It's not really as major as you think. When I lay out these examples, it's important to note that I'm considering the "modern" era of the Mafia, say 1980-onwards.

As far as "respect" goes, made members warrant a universal respect regardless of which family they're in. Among made members, the same rules still apply at sit-downs regardless of whether someone is a Colombo or a Genovese. Obviously there have been periods in history where certain families are ostracized but, on the whole, the perception of a "made member" on the street is universal to all families, especially to anyone who isn't made. A sizeable percentage of associates on the street might not know which family someone is from, only that they are inducted. The Conrad Ianniello example ("I don't give a fuck if he's a Colombo") is a somewhat misleading, because we have an example from the same timeframe (the late 2000s) where Big Anthony Russo expressed that he didn't care whether a rival gambling club belonged to Gambino captain Sonny Juliano or not, he violently shut them down all the same.
As far as "connections" go, that's an interesting point. Although if you're posing a hypothetical scenario where an associate has to choose between whether to go "on-record" with the Colombos or the Genovese family (two arbitrary examples for the sake of conversation), their thought-process would depend wholly on the connections of the individual Colombo member they're associated with, compared with the individual Genovese member they're connected with. A prospective associate wouldn't be sitting there going "Well, I read in the papers that the Colombos have the concrete unions, but I've read in the papers that the Genoveses have stronger connections in Jersey! Who should I go with for my lifelong career in the Mafia?"

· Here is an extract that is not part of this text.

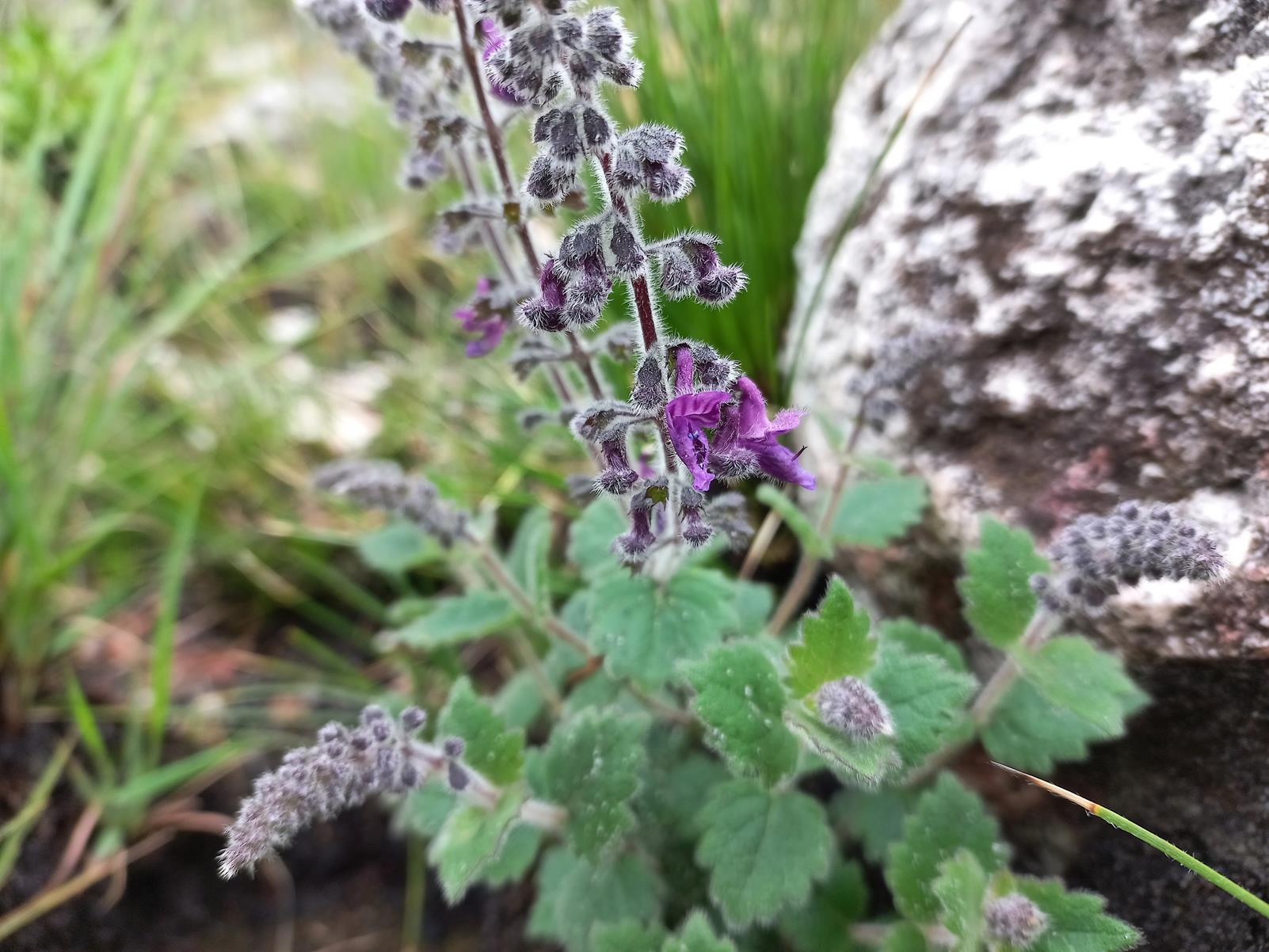 Equilabium selukwense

As far as rackets goes, ditto with the connections thing. An individual weighing his options between associating with two different crime families would not be considering the overall depth and diversity of a crime family's rackets, only the rackets of the individual member of the Colombo or Genovese family that he knows. For example, all families have a theoretical "ban" on selling drugs, but each made member handles that differently, so a drug dealer with the privilege of deciding between going "on-record" with a Colombo or a Genovese member would consider their individual stances on drug-dealing, not the crime family with the biggest drug-dealing rackets.
As far as manpower goes, I'm not sure why any prospective associate or made member would consider that. I'm not even sure what that means. Bill Cutolo and his Colombo crew of the late '90s had far more "manpower" than, say, Tony Federici or Ciro Perrone's crews of old-timers during the same timeframe. Okay, I'll admit I don't know the breadth of those two Genovese guys' crews, but I believe they were mostly older in age. Theoretically, all families are equally capable of murder regardless of their overall size and, in a criminal sense, the more "manpower" involved in a murder, the more risk is involved. Criminals like to keep their circles tight and commit violent crimes with their most trusted associates, so the idea of a crime family having "reserves" of "manpower" for such jobs is misleading (perhaps it was different 50+ years ago).

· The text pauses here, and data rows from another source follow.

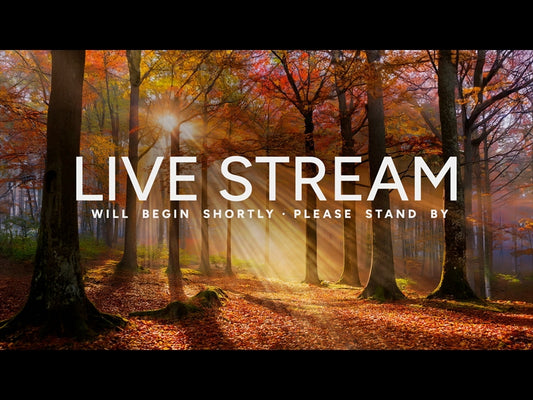 Autumn Light Live Stream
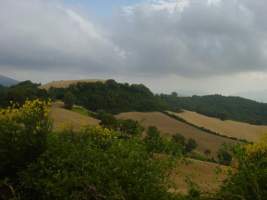 TN_DSC06080.JPG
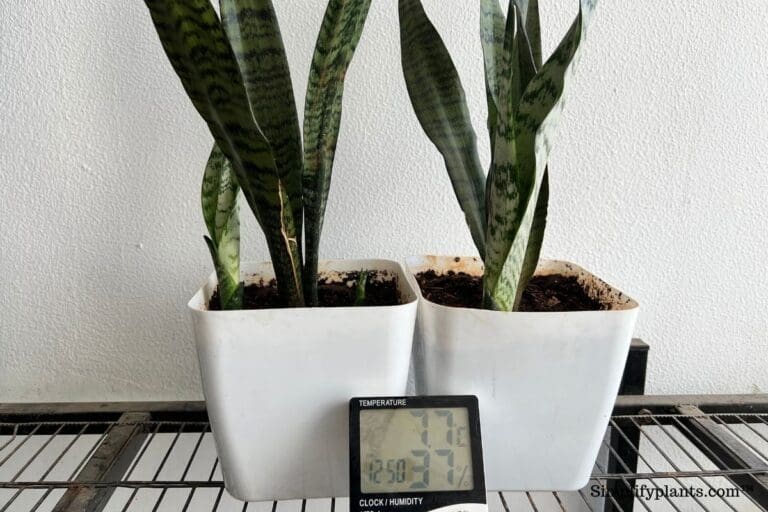 How To Care For Snake Plant In Winter? (5 Essential You Shouldn't Miss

And lastly, you mentioned "presence." I guess by "presence," you're referring to visible presence on the street in the form of social clubs, bars, connected restaurants, etc.? Someone can correct me if I'm wrong, but I believe phrases like "Oh this restaurant is a Colombo spot and this restaurant is a Genovese spot" exist more in the eyes of journalists and online mob researchers rather than the New York criminal underworld; most people simply think of places as being "mobbed-up" or "not mobbed-up". Restaurants, bars, after-hours clubs or gambling clubs are not usually specific to any family whereas social clubs that are specific to one family are usually specific to one crew from the family. Greg Scarpa's club was exclusive to his crew, rather than a general "Colombo club," ditto with Bonanno consigliere Anthony Spero's club a few blocks south.

I spent far too long writing this but I hope it helps clear things up. Because there's nothing that bugs me more than when people over-analyse the Mafia and treat crime families like sports teams, and criminals as professional athletes. "Whose stronger, the West Side or the Gambinos?" "Who was the better Mafia boss, Joe Massino or Chin Gigante?" And even autobiographies from made members can propagate these narratives, since they or their ghostwriters usually add a bit more pomp and pageantry on their lives in hindsight. It's a lot more interesting to write about the rival families in almost-mythical terms than to write "I could see no discernable differences between the Five Families other than what I read in the newspapers, but I happened to be inducted into the Luccheses because my sponsor Tony was apparently a Lucchese."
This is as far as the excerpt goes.